Accountants flag pay rise at ‘top career priority’ for 2023
The rising cost of living is increasing expectations of a pay rise among accountants and financial professionals, with 96 per cent expecting a salary increase at their next review.
The overwhelming majority of accountancy employers plan to increase their salary after their next review, according to recruitment firm Hays.
The Hays Salary Guide found that 60 per cent of accountants are expecting a pay rise of at least 7 per cent.
It also found that two thirds of accountants plan to ask their employer for a pay rise.
“We’re calling this the year of the raise, where the promise of higher salaries reflects the intensity of the skills shortage in today’s jobs market,” said David Cawley, Regional Director of Hays.
“This year, both the number and value of increases will rise, continuing the upwards trajectory we first noted in last year’s Hays Salary Guide.
Despite the increased salary boost, employers and their accountancy employees’ expectations still fail to align, according to the recruitment firm.
"Many employees feel undervalued and underpaid. They feel their current salary doesn’t reflect their individual performance,” said Mr Cawley.
The Hays Guide showed that only around one in five employers intent to award employees a pay rise of seven per cent or more.
Salary is a key driver of employer turnover with the rising cost of living and uncompetitive salary two of the top reasons for employees leaving their current position.
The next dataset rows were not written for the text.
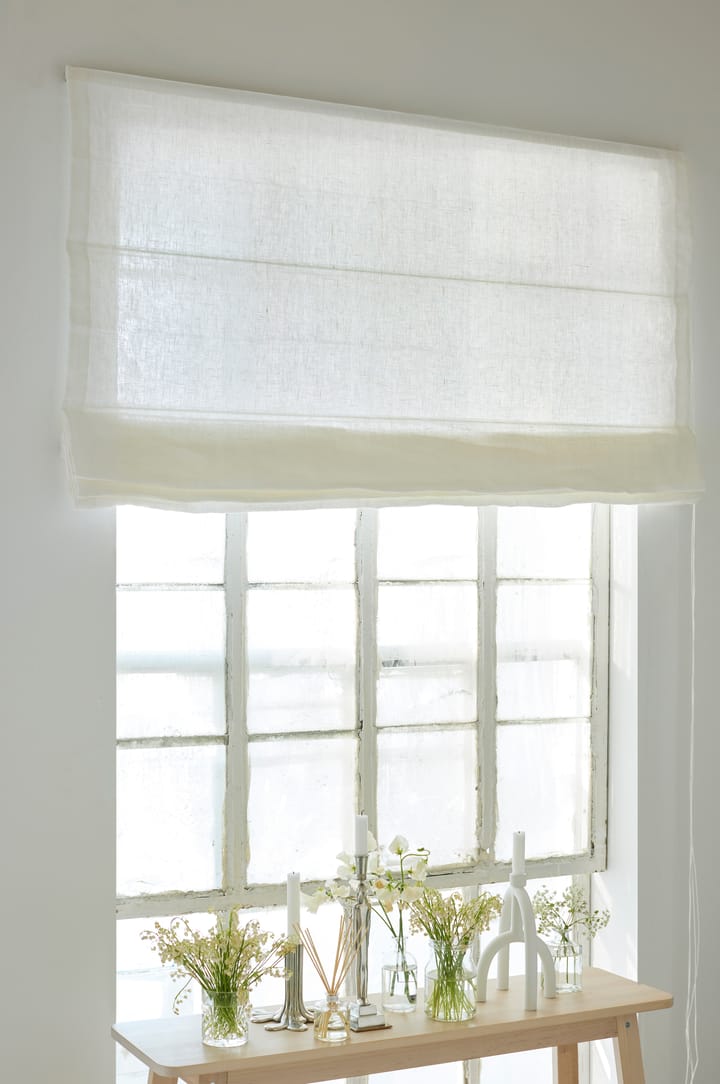 Miramar hissgardin 160x180 cm, White Himla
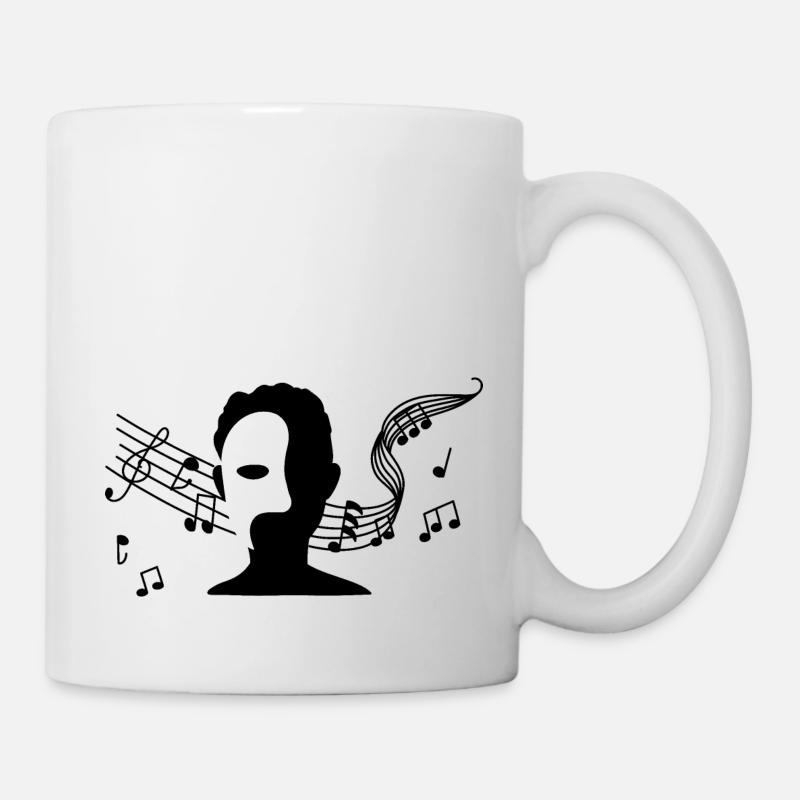 The Phantom of the Opera - Mug - white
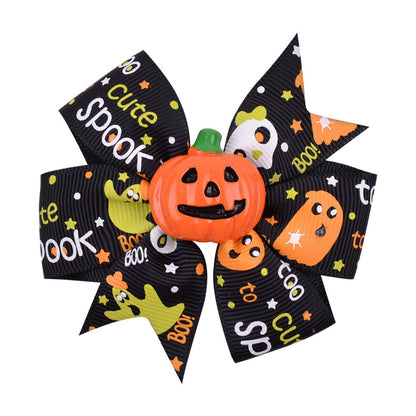 Halloween-Themen Haarbogenclip Brehn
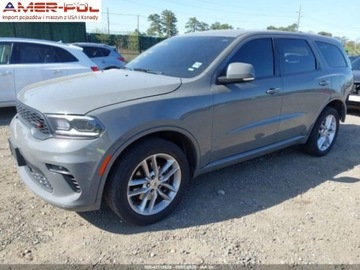 Dodge Durango III 3.6 V6 294KM 2021 Dodge Durango 2021 Dodge Durango GT Plus AWD 3.6 Benzyna 295KM
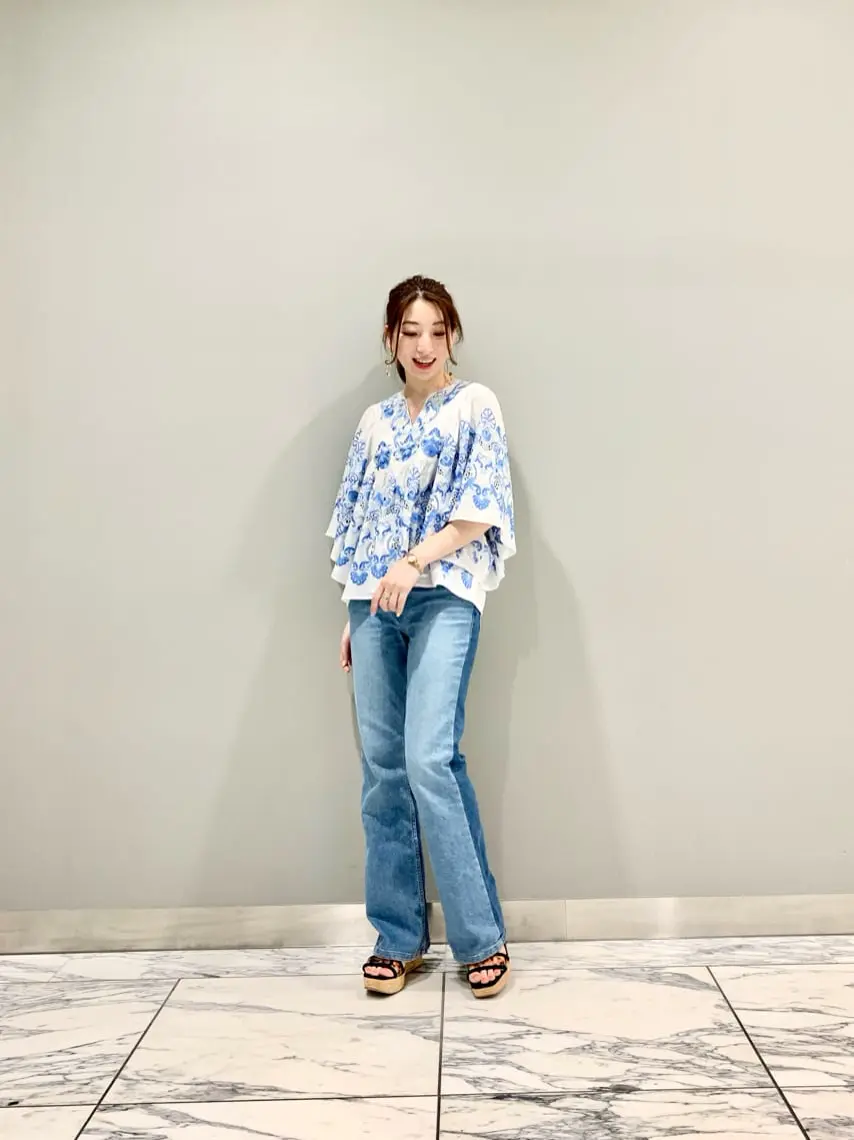 GRACE CONTINENTAL The Banquet eri コーディネート画像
A pay rise was listed as one of the top career priorities alongside flexible work and leaning or developing skills.
“The recruitment and salary intentions of employers are notable this financial year,” said Mr Cawley.
“The overall trend suggests that many believe investing in their workforce, such as through salary increases, headcount expansions and upskilling, is key to success.
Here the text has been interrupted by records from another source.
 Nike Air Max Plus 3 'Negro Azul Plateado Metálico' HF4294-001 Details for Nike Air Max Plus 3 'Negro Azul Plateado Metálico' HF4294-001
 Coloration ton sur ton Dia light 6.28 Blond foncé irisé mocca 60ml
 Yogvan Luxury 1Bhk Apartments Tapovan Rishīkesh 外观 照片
“To stand out in the race for talent, also review the benefits you offer. Consider what else you can offer to attract and retain talent, such as opportunities for growth, wellbeing days, additional annual leave, improved recognition, work-life balance or a more positive work environment.”
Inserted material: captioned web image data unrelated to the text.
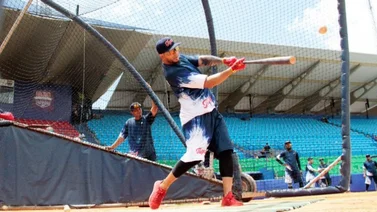 LVBP: Alexi Amarista y Carlos Rivero llegan a las prácticas de Tigres de Aragua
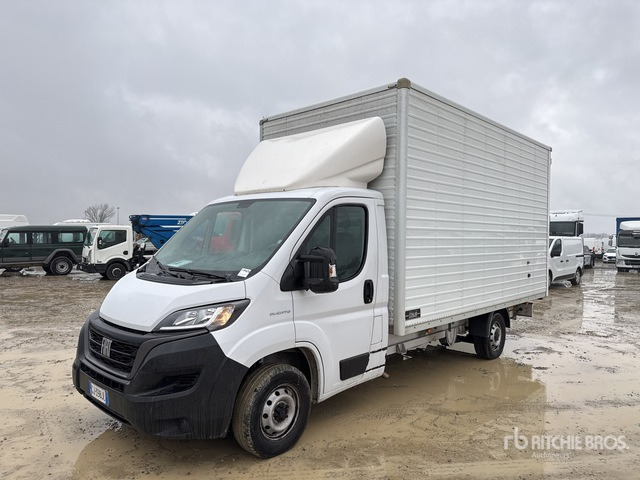 2022 Fiat Ducato 35 LH3 2.2 MJT 3 140CV Van Truck - Camion fourgon: photos 1 2022 Fiat Ducato 35 LH3 2.2 MJT 3 140CV Van Truck - Camion fourgon: photos 1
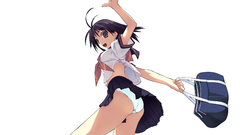 School uniforms simple background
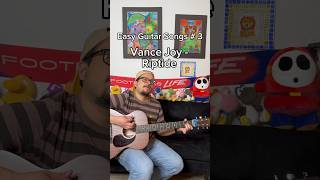 Easy guitar songs Vance Joy  riptide guitar [upl. by Silevi]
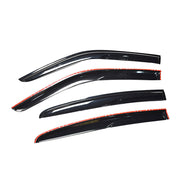 DURAFORCE Window Visors For 2011-2020 Dodge Charger Sun Rain Guard Deflectors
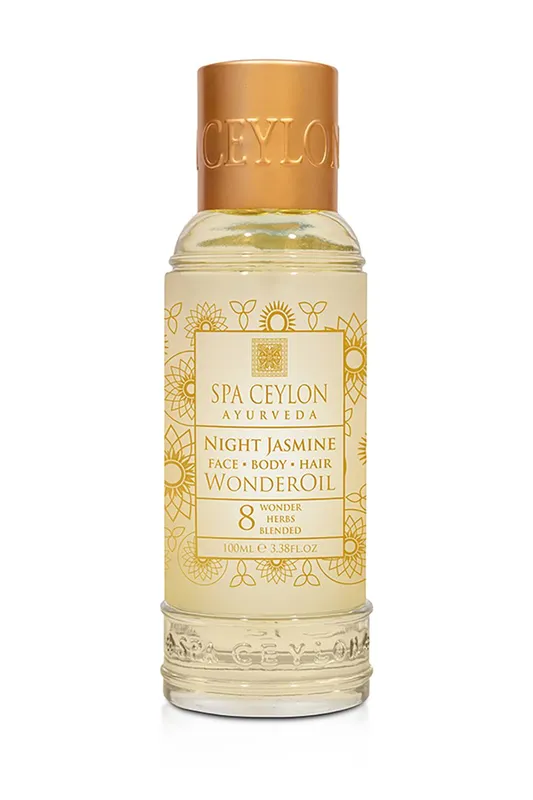 Spa Ceylon Wonder Oil - Night Jasmine 100ml in Various - Various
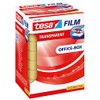 tesafilm transparent - Transparentes Klebeband mit starker Haftung - alterungsbeständig und reißfest - 66 m x 19 mm - 8er Pack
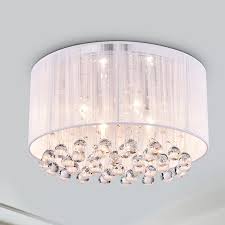 Hanna 4 Light 15 7 Chandelier Style Drum Flush Mount Flush Mount Chandelier Traditional Chandelier Chandelier Style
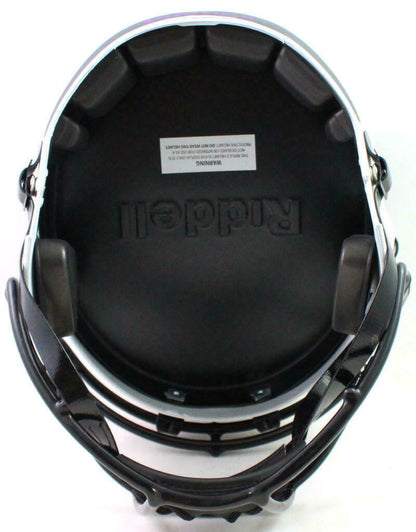 Adrian Peterson Minnesota Vikings Signed Lunar Speed F/S Helmet- (BAS COA), ,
Pay decisions a now ‘balancing act’ for employers
Director at Robert Half, Nicole Gorton said despite the the rising cost of living and the skills shortages in the market, employers are taking a more cautious approach to to remuneration by predominantly rewarding salary increases based on the performance of their business.
Ms Gorton said that salaries were unlikely to continue to rise at the rate they have for the past two years.
“Pay-related decisions have become a balancing act. Businesses need to ensure they are keeping pace with the market rate of roles they are recruiting for and roles that their staff currently hold to avoid losing the skill sets they need to stay ahead of their competitors. But at the same time, they are increasingly scrutinising who receives how much extra pay given the changes in the market.”
The firm said keeping up with remuneration trends is particularly important as 70 per cent of companies indicated they are planning to offer more benefits this year, while 67 per cent said they allow employees to swap a proportion of their salary in return for more perks.
The most common benefits offered were:
- Flexible work schedules (60 per cent)
- Mental health programs (55 per cent)
- Remote work options (52 per cent)
“With businesses putting careful thought and consideration into who will receive a financial incentive in 2023, many employers are turning to benefits as a substitute when a monetary increase cannot be offered,” said Ms Gorton.
“Companies would benefit from looking beyond salary and considering the overall employee experience that differentiates them from their competitors and offsets the absence of a higher salary or pay increase.”